Excerpts from a dataset:
————

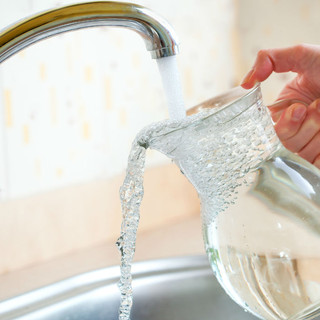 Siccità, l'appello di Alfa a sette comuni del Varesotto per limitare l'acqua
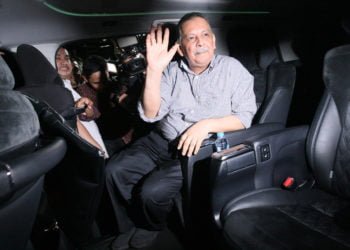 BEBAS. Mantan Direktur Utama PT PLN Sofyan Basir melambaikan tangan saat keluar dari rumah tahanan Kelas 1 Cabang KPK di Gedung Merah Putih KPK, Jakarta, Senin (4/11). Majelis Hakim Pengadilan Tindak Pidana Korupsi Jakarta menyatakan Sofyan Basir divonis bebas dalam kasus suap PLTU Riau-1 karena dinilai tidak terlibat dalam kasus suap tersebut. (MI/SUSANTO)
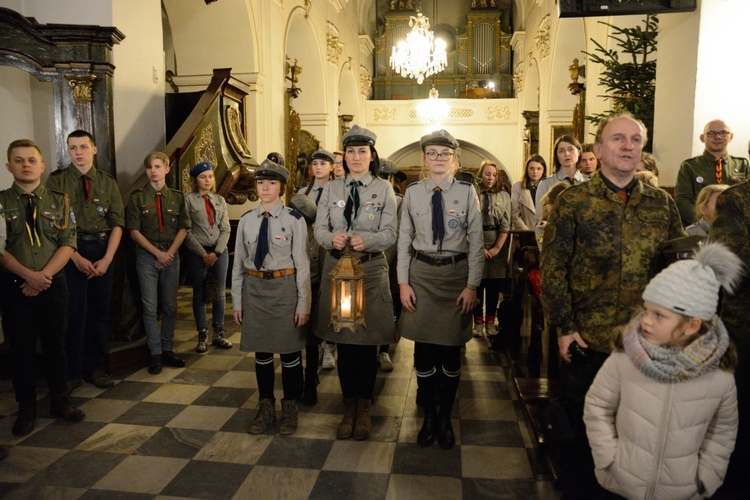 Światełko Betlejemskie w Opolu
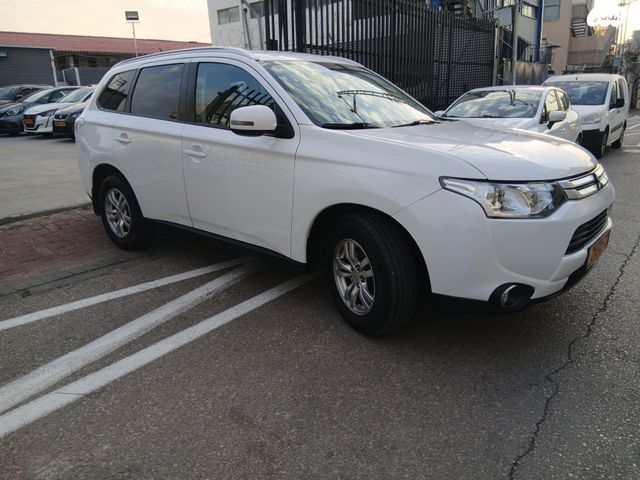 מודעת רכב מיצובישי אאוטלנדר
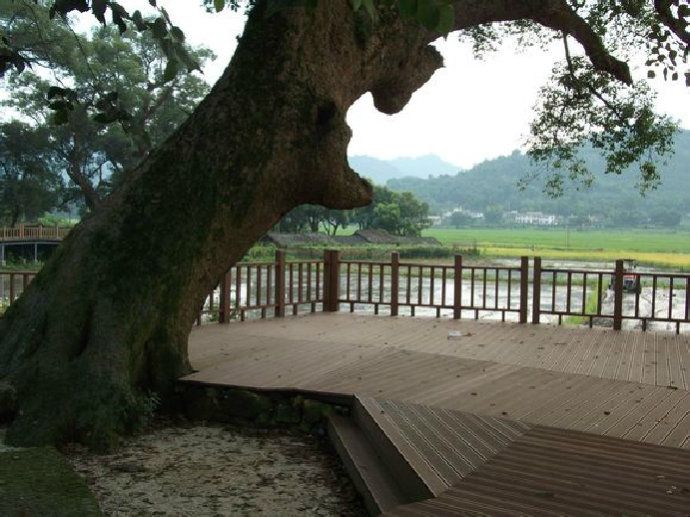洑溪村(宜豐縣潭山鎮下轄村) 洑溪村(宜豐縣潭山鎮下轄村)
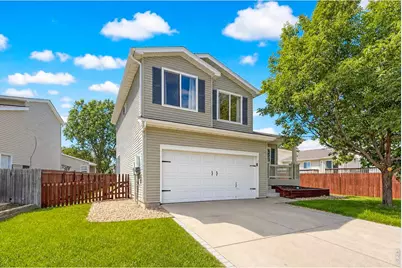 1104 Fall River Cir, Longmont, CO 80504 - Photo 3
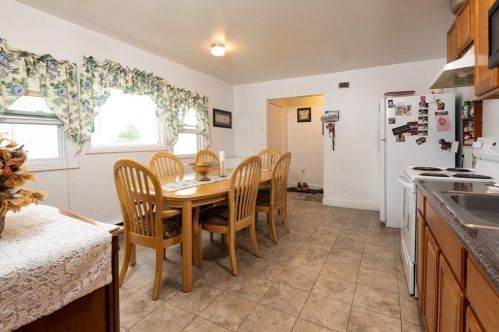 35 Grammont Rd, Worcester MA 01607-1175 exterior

————

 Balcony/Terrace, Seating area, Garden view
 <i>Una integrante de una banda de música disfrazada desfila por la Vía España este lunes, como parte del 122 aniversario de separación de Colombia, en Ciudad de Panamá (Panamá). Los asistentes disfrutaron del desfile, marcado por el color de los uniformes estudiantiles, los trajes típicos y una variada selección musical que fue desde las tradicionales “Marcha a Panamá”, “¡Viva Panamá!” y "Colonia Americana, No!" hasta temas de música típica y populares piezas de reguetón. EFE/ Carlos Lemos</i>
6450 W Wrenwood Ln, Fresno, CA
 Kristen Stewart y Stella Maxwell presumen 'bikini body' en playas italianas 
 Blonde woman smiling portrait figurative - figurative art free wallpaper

————

### [What is being asked]
Quote the lines above exactly, starting with the one that has "Siccità, l'appello di" and ending with the one that has "35 Grammont Rd, Worcester"; drop the pictures and include nothing else.

### [Solution]
 Siccità, l'appello di Alfa a sette comuni del Varesotto per limitare l'acqua
 BEBAS. Mantan Direktur Utama PT PLN Sofyan Basir melambaikan tangan saat keluar dari rumah tahanan Kelas 1 Cabang KPK di Gedung Merah Putih KPK, Jakarta, Senin (4/11). Majelis Hakim Pengadilan Tindak Pidana Korupsi Jakarta menyatakan Sofyan Basir divonis bebas dalam kasus suap PLTU Riau-1 karena dinilai tidak terlibat dalam kasus suap tersebut. (MI/SUSANTO)
 Światełko Betlejemskie w Opolu
 מודעת רכב מיצובישי אאוטלנדר
洑溪村(宜豐縣潭山鎮下轄村) 洑溪村(宜豐縣潭山鎮下轄村)
 1104 Fall River Cir, Longmont, CO 80504 - Photo 3
 35 Grammont Rd, Worcester MA 01607-1175 exterior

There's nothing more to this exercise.